Parsing Office docs is parsing XML. We have lots of tools for parsing XML, and e...

viraptor · on June 2, 2015

Regarding missing docs, I meant the original .doc. That was all undocumented, proprietary binary.

But again, I have to disagree about parsing text ever being easier than binary. Basically for the same protocol, passing the same data and implemented in a sane way, the text protocol is the same as binary + variable length metadata + data escaping + value conversion + text encoding of metadata. I'm happy to challenge anyone with the following: it's not possible to create a simpler text protocol than a well designed binary protocol. (looking only at encoding/decoding, not debugging side)

Where by simpler I mean, less likely to get exploited, less ambiguous, shorter to document (when concatenating with docs of all encoding protocols you depend on, like JSON or XML)

barrkel · on June 7, 2015

it's not possible to create a simpler text protocol than a well designed binary protocol

Huh?
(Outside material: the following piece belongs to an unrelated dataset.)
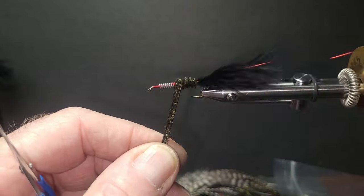The X Caddis is a creation of Craig Matthews of West Yellowstone. It's the perfect fly — easy to tie and the fish love it. Tie this one in color variations to suit your local hatch. Well, here's our first dry fly in our dozen top trout flies.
That's irrelevant, surely? It doesn't speak to your assertion. The best binary formats don't necessarily need "parsing" at all; it could be a simple matter of mapping into memory and adjusting offsets, like an OS loader. I don't think there's any debate that binary formats can be designed so that they are far easier to load than text. We're not talking about the design of protocols here (in this subthread). We're talking about writing parsers.
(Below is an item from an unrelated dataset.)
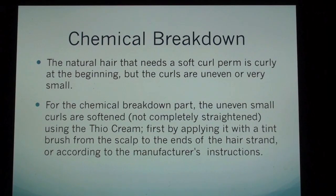Chemical breakdown: the natural hair that needs a soft curl perm is curly at the beginning, but the curls are uneven or very small. For the chemical breakdown part, the uneven small curls are softened, not completely straightened, using the thio cream. First, by applying it with a tint brush from the scalp to the ends of the hair strand, or according to the manufacturer's instructions.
Parsing an obscure binary format is harder than parsing a simple text format.

viraptor · on June 11, 2015

I find the response confusing. First, I was responding to "Be it binary or text based, one has to write a parser anyway. Only with text based protocol one could also use Regex or string match during, which is quite useful for non-production development/testing." which we both seen to agree it's false. Well designed binary doesn't even need parsers sometimes. If you add steam multiplexing regexes won't help you anyway.

I'm not sure where do obscure binary formats come in. Http2 had a choice of slightly complicated binary, or more complicated text. Office had lots of programmers, even more money and simply didn't care. It's a completely different situation than http2.

So finally: why the obscure binary format? Http2's choice is good text or good binary really.